Here's the problem I'm trying to proof:
Let functions $f(z)$ and $g(z)$ be both analytic in the disc $|z| ≤ 2$, let $|f(z)| > |g(z)|$ on the circle $|z| = 2 $and let $|g(z)| > |f(z)|$ on the circle $|z| = 1$. Prove that the number of zeros of the function f(z) in the disc $|z| < 2$ is greater or equal the number of zeros of the function $g(z)$ inside the disc $|z| < 1$.
I'm wondering how I may want to use Rouche's Theorem. From the given conditions, we can find out that in the disc $|z| ≤ 2$, $f(z)$ and $f(z)+g(z)$ have the same number of zeros, and in the disc $|z| ≤ 1$, $g(z)$ and $f(z)+g(z)$ have the same number of zeros and counting multiplicities. What should I do next? How can I show that the number of zeros of the function f(z) in the disc $|z| < 2$ is greater or equal the number of zeros of the function $g(z)$ inside the disc $|z| < 1$? Is there anything other than Rouche’s theorem I should consider?
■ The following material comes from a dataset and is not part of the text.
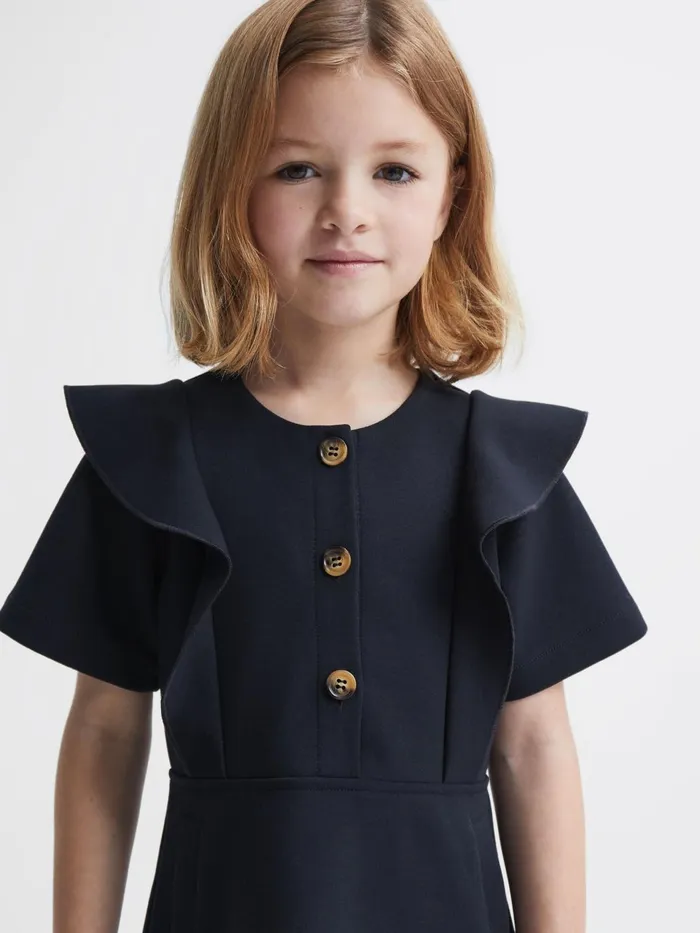 Children Fearne Ruffle Sleeve Button Dress Navy Reiss Dresses and Jumpsuits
Thanks for the help!
Let $N(r, f)$ denote the number of zeros of the holomorphic function $f$ in the disk $|z| < r$, counted with multiplicity.
You correctly demonstrated that $N(2, f) = N(2,f+g)$ and $N(1, g) = N(1, f+g)$.
It only remains to observe that $N(2, f+g) \ge N(1, f+g)$, which is obvious from the definition. Then $$ N(2, f) = N(2,f+g) \ge N(1, f+g) = N(1, g) $$ is the desired conclusion.